─── Records to use

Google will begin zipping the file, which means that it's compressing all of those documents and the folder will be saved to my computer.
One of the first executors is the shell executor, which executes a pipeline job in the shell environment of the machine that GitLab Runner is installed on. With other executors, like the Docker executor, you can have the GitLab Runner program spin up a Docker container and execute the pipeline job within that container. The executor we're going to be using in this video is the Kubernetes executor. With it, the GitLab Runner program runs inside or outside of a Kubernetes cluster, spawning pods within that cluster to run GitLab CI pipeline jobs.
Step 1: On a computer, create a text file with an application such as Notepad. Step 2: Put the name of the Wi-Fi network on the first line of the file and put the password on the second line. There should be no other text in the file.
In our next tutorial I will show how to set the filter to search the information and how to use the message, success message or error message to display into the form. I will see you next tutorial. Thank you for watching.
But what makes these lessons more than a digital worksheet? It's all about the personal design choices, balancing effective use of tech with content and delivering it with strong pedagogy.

──────
─── Records to use

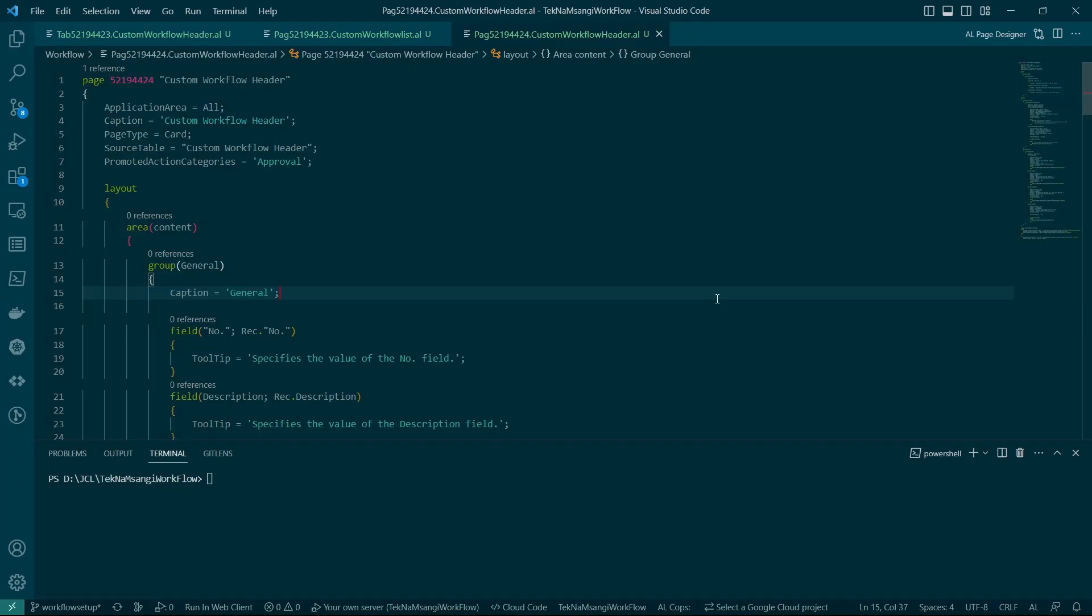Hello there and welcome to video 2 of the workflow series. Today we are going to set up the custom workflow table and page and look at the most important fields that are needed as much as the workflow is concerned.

──────

### Brief
For this exercise, copy every line of the data that holds "other".

### Answer for the task
One of the first executors is the shell executor, which executes a pipeline job in the shell environment of the machine that GitLab Runner is installed on. With other executors, like the Docker executor, you can have the GitLab Runner program spin up a Docker container and execute the pipeline job within that container. The executor we're going to be using in this video is the Kubernetes executor. With it, the GitLab Runner program runs inside or outside of a Kubernetes cluster, spawning pods within that cluster to run GitLab CI pipeline jobs.
Step 1: On a computer, create a text file with an application such as Notepad. Step 2: Put the name of the Wi-Fi network on the first line of the file and put the password on the second line. There should be no other text in the file.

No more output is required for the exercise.